Kepala Taman Budaya Yogyakarta, Dra. Purwiati, menyatakan bahwa Ndang Tak Gong 2025 merupakan bentuk nyata dari komitmen kolektif untuk melestarikan dan memajukan seni karawitan. “Ruang pertunjukan bukan hanya tempat tampil, tetapi menjadi ruang belajar, ruang dialog, ruang ekspresi, sekaligus ruang apresiasi yang inklusif untuk semua kalangan,” ujarnya.

Senada dengan itu, Kepala Dinas Kebudayaan DIY, Dian Lakshmi Pratiwi, S.S., M.A., menegaskan pentingnya karawitan sebagai media budaya yang hidup dan sarat nilai. “Karawitan bukan hanya tabuhan gamelan, tetapi juga mengajarkan nilai-nilai luhur seperti kesabaran, harmoni, dan keyakinan. Keharmonisan sejati dalam karawitan tidak datang dari suara yang paling menonjol, melainkan dari keselarasan antarunsur bunyi yang saling mengisi dalam ruangnya masing-masing,” jelasnya.

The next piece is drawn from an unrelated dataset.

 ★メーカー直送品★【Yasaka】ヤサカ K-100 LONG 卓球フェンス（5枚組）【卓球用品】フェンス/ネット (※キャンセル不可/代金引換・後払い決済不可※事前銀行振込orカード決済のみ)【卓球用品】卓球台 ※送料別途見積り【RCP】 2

Ia juga menyampaikan apresiasi kepada komposer Widanta Agung Nugroho atas karya inovatif yang ditampilkan malam itu. “Karya seperti ini menunjukkan bahwa karawitan adalah ruang eksperimentasi yang hidup. Ini bukan sekadar pertunjukan, melainkan ruang pembelajaran dan refleksi yang membuka dialog antara tradisi dan semangat kekinian,” tambah Dian Lakshmi Pratiwi.

Pertunjukan utama malam itu bertajuk “Deyan,” sebuah karya kontemplatif dari Widanta Agung Nugroho yang menggabungkan estetika karawitan tradisional dengan teknologi tata suara dan cahaya digital semi-surround. Melalui komposisi musikal yang perlahan dan reflektif, Deyan menggambarkan kegelisahan batin manusia yang rapuh namun terus mencari ketenangan. Sepasang mata kecil dua anak perempuan muncul sebagai simbol pengingat: keheningan adalah bagian dari musik yang paling dalam.

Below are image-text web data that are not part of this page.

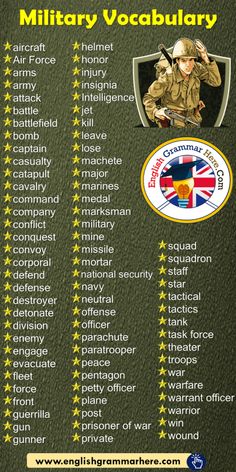 120 Formal and Informal Words in English - English Grammar Here Military English, Military Words List, Words For Military, Military Terms List, Military Words, Military Code Words List, Military Vocabulary List, Military Terms Vocabulary, Learn Military Slang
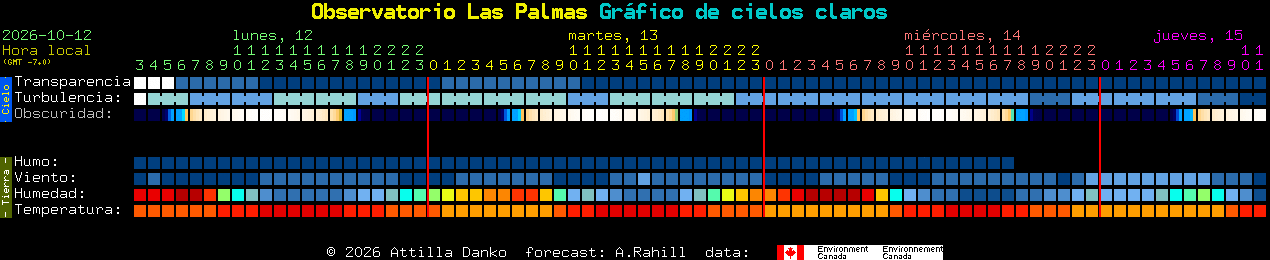 Current forecast for Observatorio Las Palmas Clear Sky Chart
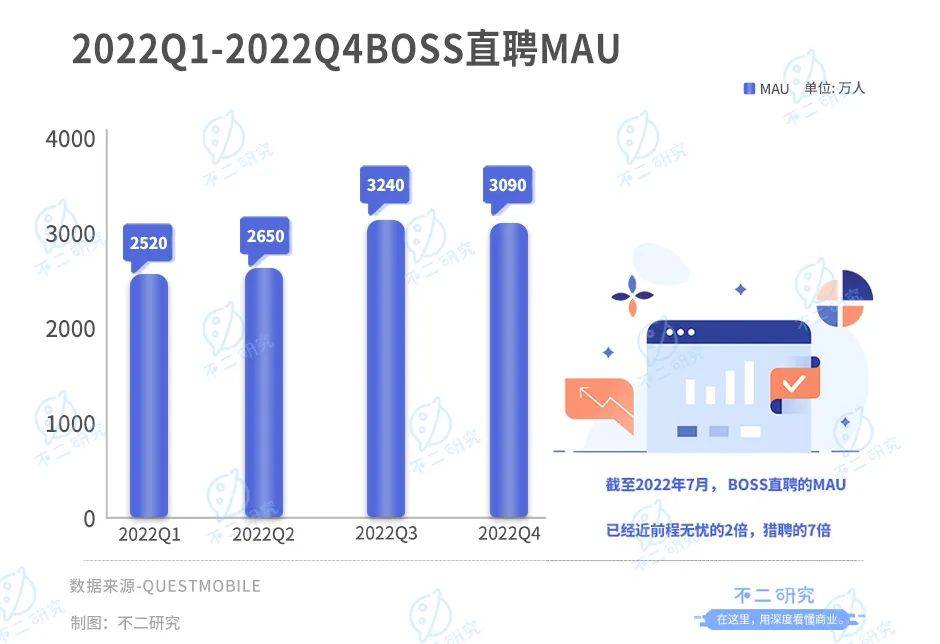 临近毕业招聘季，BOSS直聘依然困在营销里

Pertunjukan dibuka dengan iringan musik yang nyaris senyap, di mana setiap denting gamelan muncul bergantian—bergerak dari sisi kanan ke kiri panggung—menciptakan ilusi ruang yang menyelimuti penonton. Tata cahaya yang dinamis memperkuat atmosfer, berpindah dan berubah seiring irama, membangun suasana yang tenang namun sarat makna.

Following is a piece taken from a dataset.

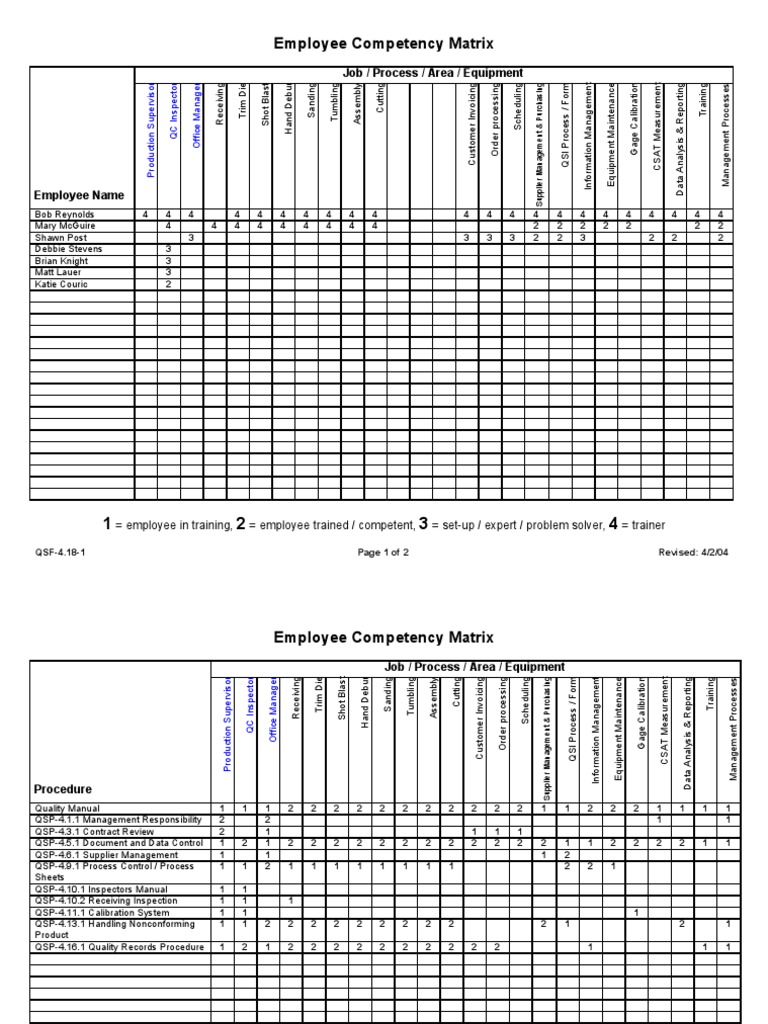 Employee Competency Matrix | PDF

Kolaborasi antara musik gamelan dan unsur modern berhasil menghadirkan pengalaman audio-visual yang menggugah. Setiap nada terasa meresap dan menggugah perasaan, bukan hanya karena keindahan bunyinya, tetapi juga karena kedalaman makna yang disampaikan. Ini bukan sekadar pertunjukan karawitan—melainkan konser artistik berskala besar, lengkap dengan pencahayaan yang presisi dan tata suara yang tertata rapi.

Keberhasilan Ndang Tak Gong 2025 bukan hanya terletak pada kekuatan artistiknya, tetapi juga kemampuannya membangun jembatan antara generasi. Penonton yang hadir malam itu berasal dari berbagai kalangan—anak-anak, remaja, dewasa, hingga lansia—semua larut dalam atmosfer musikal yang reflektif dan membumi. Ini menunjukkan bahwa karawitan bukanlah seni yang usang atau terbatas usia, melainkan bahasa budaya yang terus hidup dan berkembang.

Pagelaran ini sekaligus menjadi bukti bahwa karawitan tetap memiliki daya tarik dan daya hidup di tengah modernitas. Ia tak hanya menjadi warisan yang dilestarikan, tetapi juga menjadi sumber inspirasi yang menyentuh, menyatukan, dan menghidupkan kembali makna-makna terdalam tentang kebersamaan, ketenangan, dan identitas.